◆ **Given records**

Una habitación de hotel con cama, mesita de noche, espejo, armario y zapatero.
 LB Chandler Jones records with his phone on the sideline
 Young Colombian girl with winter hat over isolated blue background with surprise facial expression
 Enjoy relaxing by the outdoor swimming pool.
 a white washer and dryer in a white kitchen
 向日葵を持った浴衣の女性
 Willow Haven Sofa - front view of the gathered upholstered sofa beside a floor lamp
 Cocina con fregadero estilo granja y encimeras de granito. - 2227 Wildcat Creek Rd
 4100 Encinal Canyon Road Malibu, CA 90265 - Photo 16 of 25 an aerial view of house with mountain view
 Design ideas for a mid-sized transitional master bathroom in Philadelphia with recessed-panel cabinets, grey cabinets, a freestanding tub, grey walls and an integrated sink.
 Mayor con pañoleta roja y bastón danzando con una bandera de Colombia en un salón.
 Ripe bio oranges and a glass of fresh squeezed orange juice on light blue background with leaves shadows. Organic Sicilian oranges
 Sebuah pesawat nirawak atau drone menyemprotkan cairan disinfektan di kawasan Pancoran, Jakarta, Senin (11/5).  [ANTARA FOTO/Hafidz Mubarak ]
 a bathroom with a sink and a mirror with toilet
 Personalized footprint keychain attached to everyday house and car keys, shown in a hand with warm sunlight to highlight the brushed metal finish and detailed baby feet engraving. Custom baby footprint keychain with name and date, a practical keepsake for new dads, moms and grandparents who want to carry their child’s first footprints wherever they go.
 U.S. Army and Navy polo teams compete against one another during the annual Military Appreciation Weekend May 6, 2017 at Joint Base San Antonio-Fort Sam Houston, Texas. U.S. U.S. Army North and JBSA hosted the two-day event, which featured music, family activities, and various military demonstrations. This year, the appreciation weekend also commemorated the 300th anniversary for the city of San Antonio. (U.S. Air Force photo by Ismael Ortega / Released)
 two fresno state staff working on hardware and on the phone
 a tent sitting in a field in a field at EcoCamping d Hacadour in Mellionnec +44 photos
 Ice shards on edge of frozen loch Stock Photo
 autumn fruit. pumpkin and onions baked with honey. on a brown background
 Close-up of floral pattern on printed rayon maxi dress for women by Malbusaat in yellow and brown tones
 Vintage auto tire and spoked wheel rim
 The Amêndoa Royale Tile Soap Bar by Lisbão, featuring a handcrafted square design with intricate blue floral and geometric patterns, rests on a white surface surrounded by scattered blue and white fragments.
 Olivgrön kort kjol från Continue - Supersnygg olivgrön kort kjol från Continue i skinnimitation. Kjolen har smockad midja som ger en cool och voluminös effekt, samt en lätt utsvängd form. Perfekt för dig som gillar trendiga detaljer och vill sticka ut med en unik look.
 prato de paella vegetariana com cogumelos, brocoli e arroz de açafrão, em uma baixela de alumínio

◆ **Work order**
Among the lines above, return those that hold the word "view".

◆ **Exercise output**
 Willow Haven Sofa - front view of the gathered upholstered sofa beside a floor lamp
 4100 Encinal Canyon Road Malibu, CA 90265 - Photo 16 of 25 an aerial view of house with mountain view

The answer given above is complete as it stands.